Thursday, 4 April 2019

Service Virtualization Test Container Pattern

Traffic Parrot has first-class support for the Service Virtualization Test Container Pattern (also called API Mock Test Container or API Simulation Test Container)

Let's assume if you work with a Jenkins Continuous Integration pipeline and test your microservices there to get to production fast. The more external dependencies the build pipeline has, the more risk you have those dependencies will cause the build to be unstable and fail because of external dependency issues, not related to the code quality. External dependencies should be kept to a minimum. For example, run your database in Docker per build (on Jenkins Slave), not in a shared environment. It is a pattern similar to the "sidecar" container pattern recommended by Jenkins just used in tests.
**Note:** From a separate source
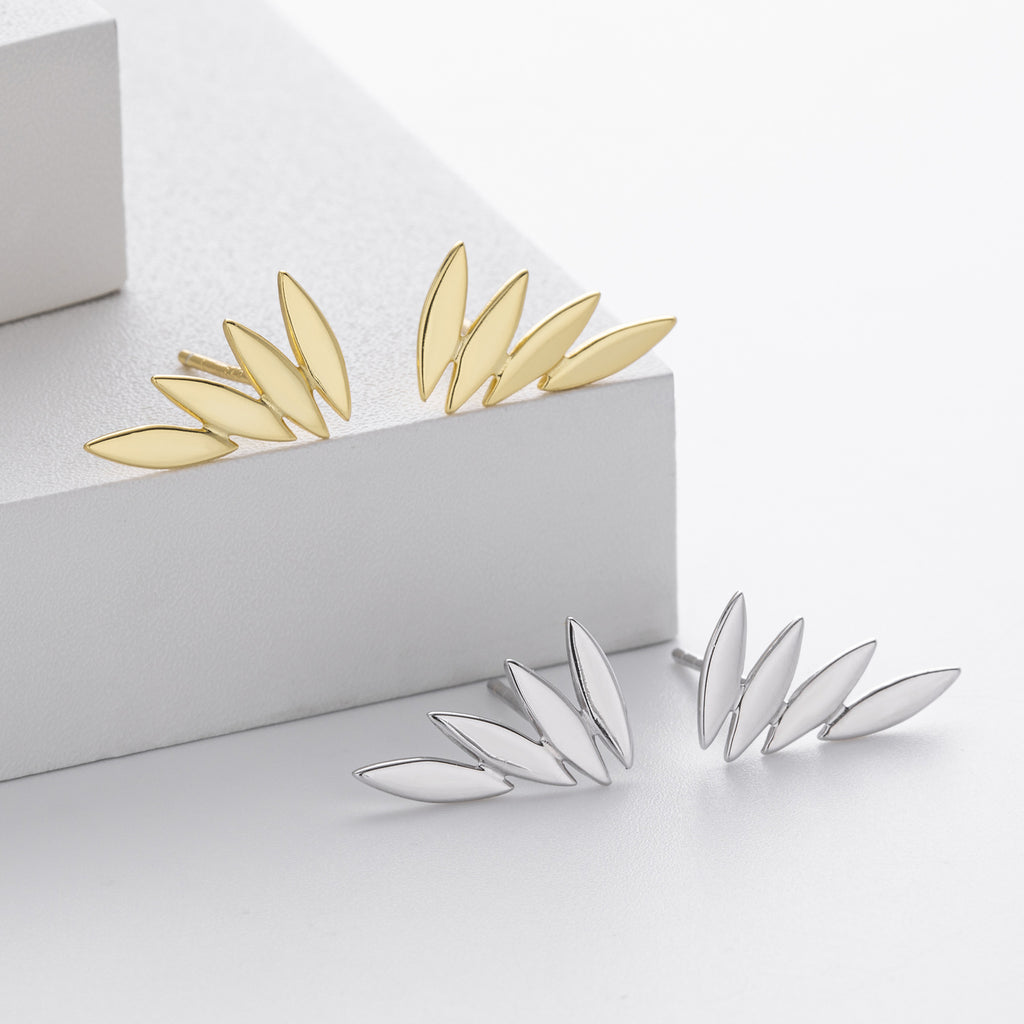 Damen Ohrstecker im kreativen Blattdesign aus 925 Sterling Silber Shop Nory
We recommend running your API mocks in the same process as your tests (and using Service Virtualization As Code - API Mocking As Code). If you decide to run your API mocks or virtual services in a separate process though, run them in a docker container. This way you are taking your automation to the next level, you have a fully automated and reproducible build pipeline.
Because of issues with dependencies, avoid using centralized instances running API mocks and virtual services outside your build pipeline. You can use them for exposing mocks to other teams and departments and for manual exploratory testing, but not in your automated CI builds.

Running in a container like Docker also means you are doing Infrastructure as code with all of its benefits to your business.